Bodleian acquires archive of pianist and composer Edmund Rubbra

17 May 2012

Rubbra portraitThe Bodleian Libraries have recently acquired the archive of Edmund Rubbra (1901-1986), English composer, pianist, music critic and teacher.

The Rubbra Archive comprises personal letters, programmes, talks, lectures and signed presentation copies of scores which give a unique insight into the life of one of the most important English composers of the 20th century. Most of this material has never been published and is unknown to the scholarly community and the general public.

The archive includes a substantial correspondence between Rubbra and his publisher Lengnick from 1946 to 1964. Also in the archive are letters from friends and colleagues, including Vaughan Williams, Gerald Finzi, Herbert Howells, Sir Arthur Bliss, Sir Henry Wood, Sir John Barbirolli, Sir Adrian Boult, Ernest Moeran, Lennox Berkeley, Arnold Bax, Egon Wellesz, Zoltán Kodály, Jean Sibelius and many others. There is also an almost complete collection of scores of Gerald Finzi’s music, signed by the composer and dedicated to Rubbra, which further illuminates their close personal friendship.

Rubbra meticulously kept all programmes, reviews and articles by or about himself and his music from 1918 until his death in 1986. His collection of scores marked with analytical notes is also included.

From 1947 to 1968 Rubbra was a lecturer at the Music Faculty of the University of Oxford and a Fellow of Worcester College. He was also much in demand as lecturer outside the University and broadcast frequently on radio, especially during the 1960s and 1970s. The archive includes notes and scripts for many of these lectures and talks. All of these are unpublished and throw a unique light both on his approaches to composition and his ideas about music in general. Miscellaneous items include contracts, royalty statements, personal diaries and address books plus a manuscript of Rubbra’s own transcriptions, from cylinder recordings, of some Gaelic folk-songs collected in the 1920s.

Martin Holmes, Alfred Brendel Curator of Music at the Bodleian Libraries, said: ‘A full reassessment of Edmund Rubbra’s life and music is long overdue and this material will provide much of the source material to enable this work to be done. The Rubbra Archive is a valuable resource for anyone studying the history of 20th-century music in Britain and essential for any study of Rubbra’s life and music. Together with other related material that the Bodleian already possesses, this new acquisition will make the Library the major centre for the study of the life of this very important figure in 20th-century British music.’

The Library gratefully acknowledges the support of the Friends of the National Libraries and a number of private donors in its efforts to acquire the Archive.
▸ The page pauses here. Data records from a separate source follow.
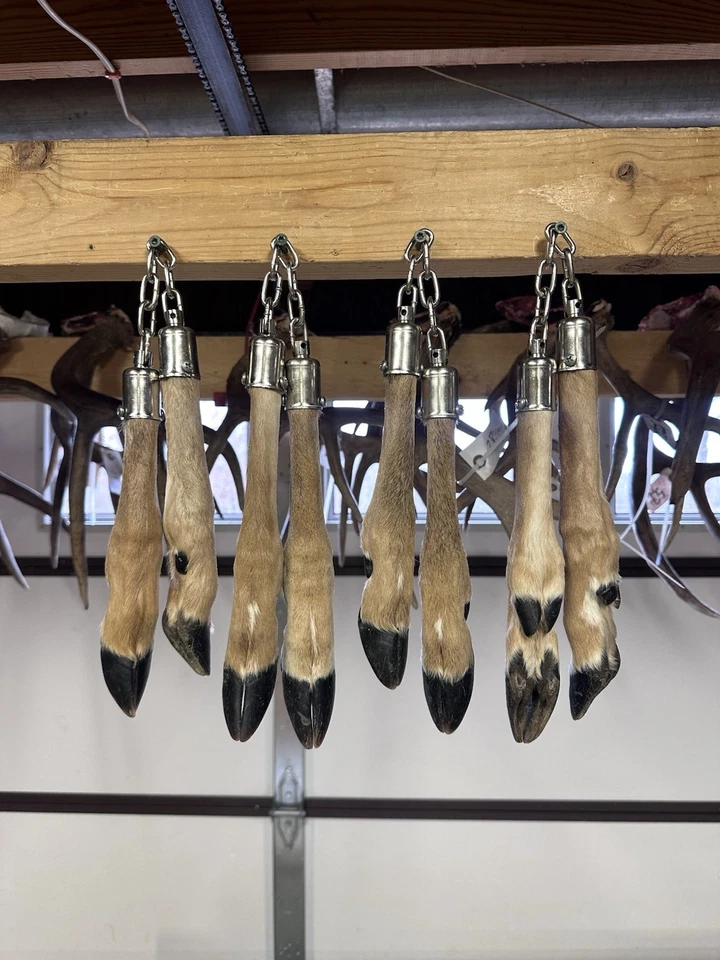 Mandriles de ciervo monja Foto 1 de 2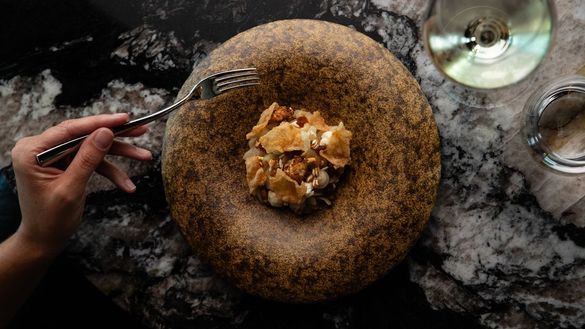 Whitsunday Cuttlefish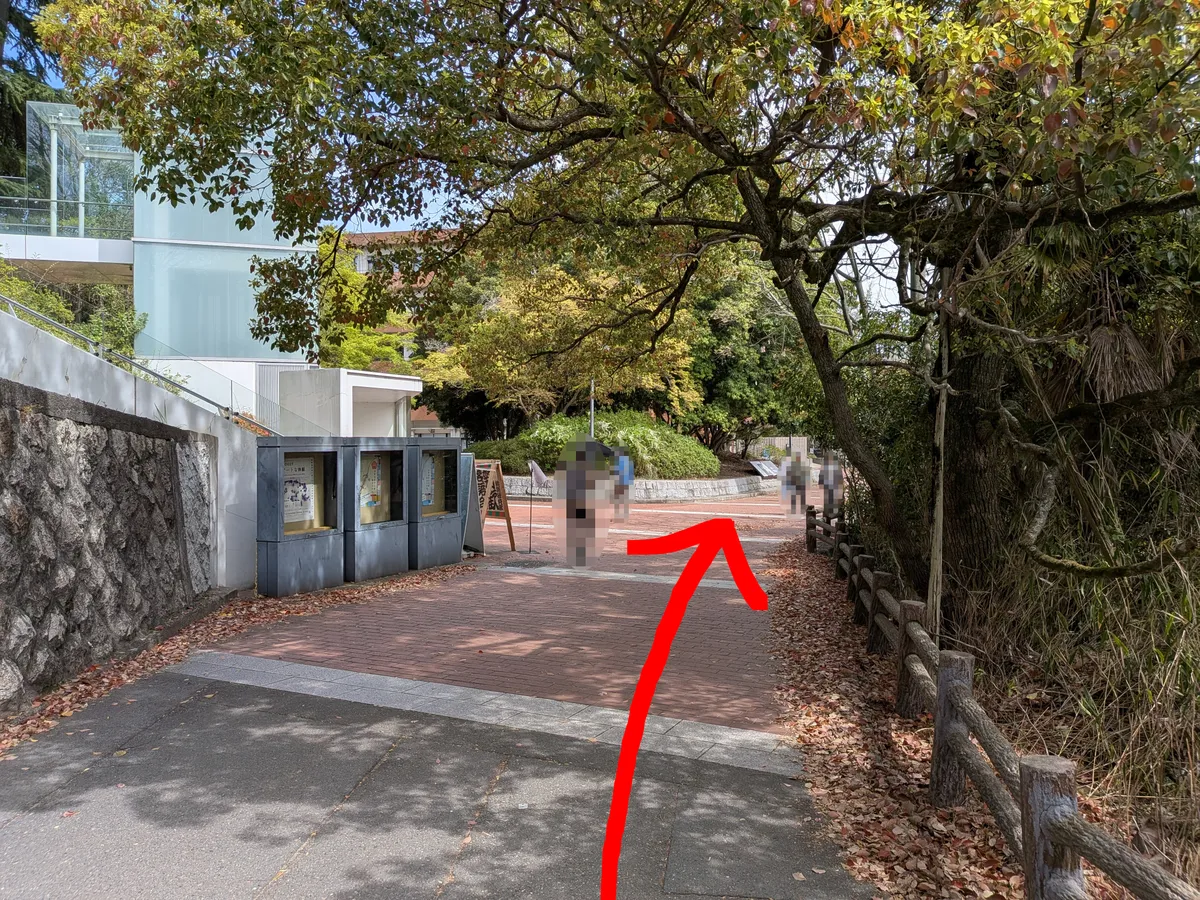 行き方を説明する画像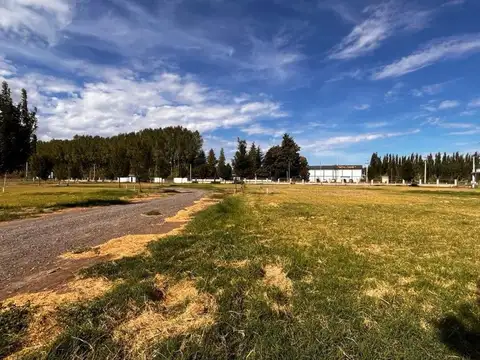 Terreno en Venta en Villa Regina, USD 46.000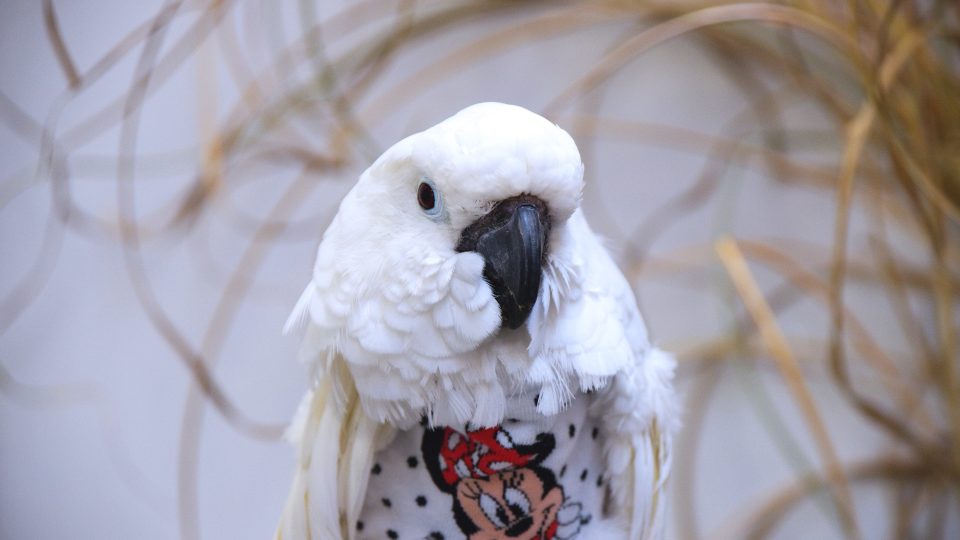 Josefínka, kakadu bílý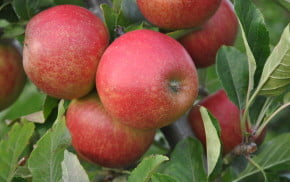 Red apples on tree.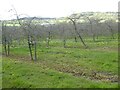 Apple orchard at Culm Pyne Barton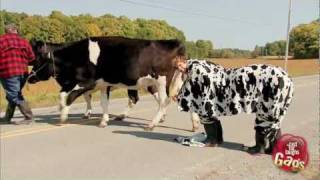 Most Wanted Cow Fugitive Prank [upl. by Nahtaj104]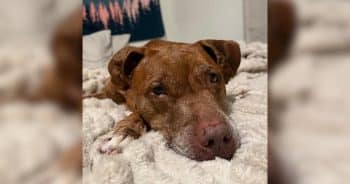 PetWireDaily — Senior Dog Has Spent 144 Days in the Shelter Wondering When It Will Be Her Turn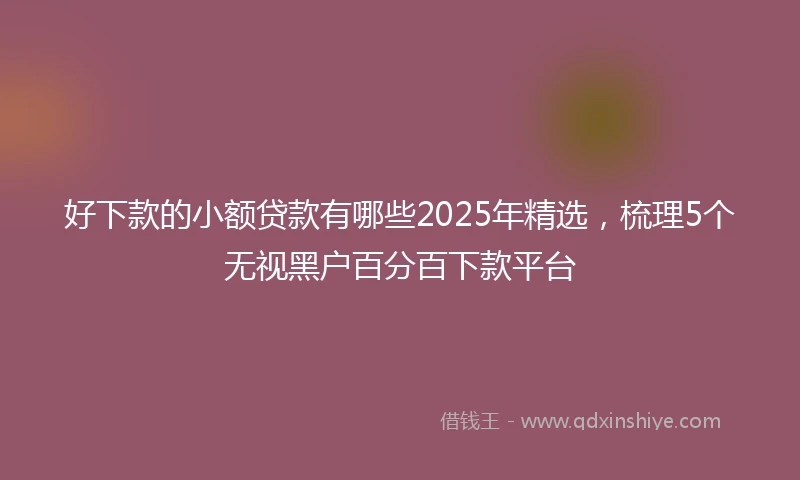 好下款的小额贷款有哪些2025年精选，梳理5个无视黑户百分百下款平台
About the Bodleian Music Collections

The music collections of the Bodleian Library comprise a research collection of over 500,000 items of printed music from the 16th century onwards, approximately 4,000 manuscripts from medieval times to the present day, and around 75,000 books and periodicals, based in part on British legal deposit material, but also rich in donated and purchased items. Classical, popular and non-western musical traditions are all represented. Highlights of the collection include Handel’s own conducting score of Messiah and original manuscripts of Mendelssohn’s Hebrides overture and Holst’s Planets suite.

The Rubbra Archive is an appropriate addition to the Library’s already substantial holdings of the manuscripts of 20th-century English musicians, particularly Rubbra’s close friend Gerald Finzi, but also including Hubert Parry, George Butterworth, Robin Milford, Howard Ferguson, Michael Hurd and Philip Cannon, as well as isolated examples of many others. The collection is also comparable in scope to the archive of the composer Robert Simpson which has recently been acquired by the Library.